À Kinasserom, dans la province du Lac, le sous-préfet de la localité, Abakar Moussa Ousmane, vient d’illustrer son engagement par un geste fort : au-delà de ses fonctions régaliennes, il a choisi de dispenser des cours de mathématiques au Collège d’Enseignement Général (CEG) de la ville.
Face au déficit criant d’enseignants, particulièrement dans les séries scientifiques, cette initiative témoigne d’un sens aigu de la responsabilité sociale. En franchissant le seuil des classes, le représentant de l’État ne se contente plus de diriger ; il s’implique directement dans la formation d’une jeunesse qu’il considère comme le moteur du développement durable.

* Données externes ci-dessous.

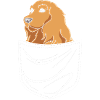 Cocker Spaniel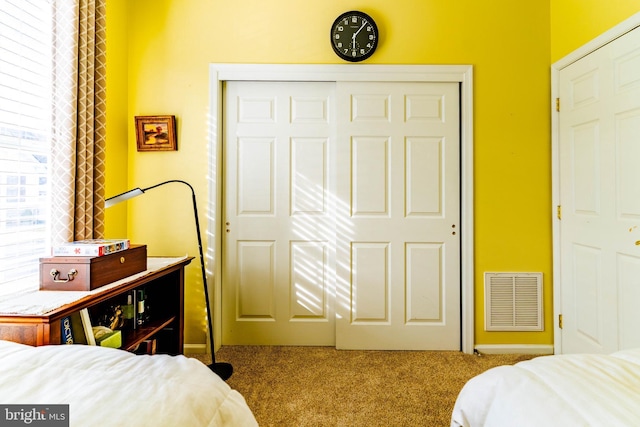 bedroom featuring multiple windows, carpet floors, and a closet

Malgré un agenda administratif chargé, Abakar Moussa Ousmane consacre une partie de son temps aux élèves. Au tableau, il ne transmet pas seulement des formules mathématiques, mais insuffle également des valeurs de rigueur et de persévérance. Pour les collégiens, voir leur premier responsable administratif endosser le rôle de professeur est une source de motivation inédite, prouvant que le service public s’exerce aussi par l’exemple.

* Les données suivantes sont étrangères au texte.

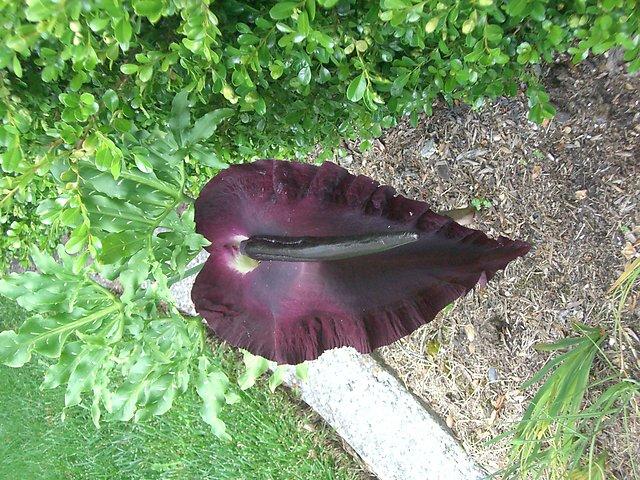 Dracunculus vulgaris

Cette démarche a été saluée avec enthousiasme par le corps enseignant et les parents d’élèves, qui y voient un acte de patriotisme concret. Elle scelle une collaboration étroite entre l’autorité territoriale et le secteur éducatif, au profit direct de la communauté locale.
L’initiative du sous-préfet de Kinasserom résonne bien au-delà des frontières de sa circonscription. Elle rappelle que chaque cadre de l’administration, fort de ses compétences techniques, peut contribuer à l’édifice national dans des secteurs stratégiques.
En offrant son savoir, Abakar Moussa Ousmane démontre que le véritable leadership ne réside pas uniquement dans le commandement, mais dans la capacité à servir et à agir concrètement pour le bien commun.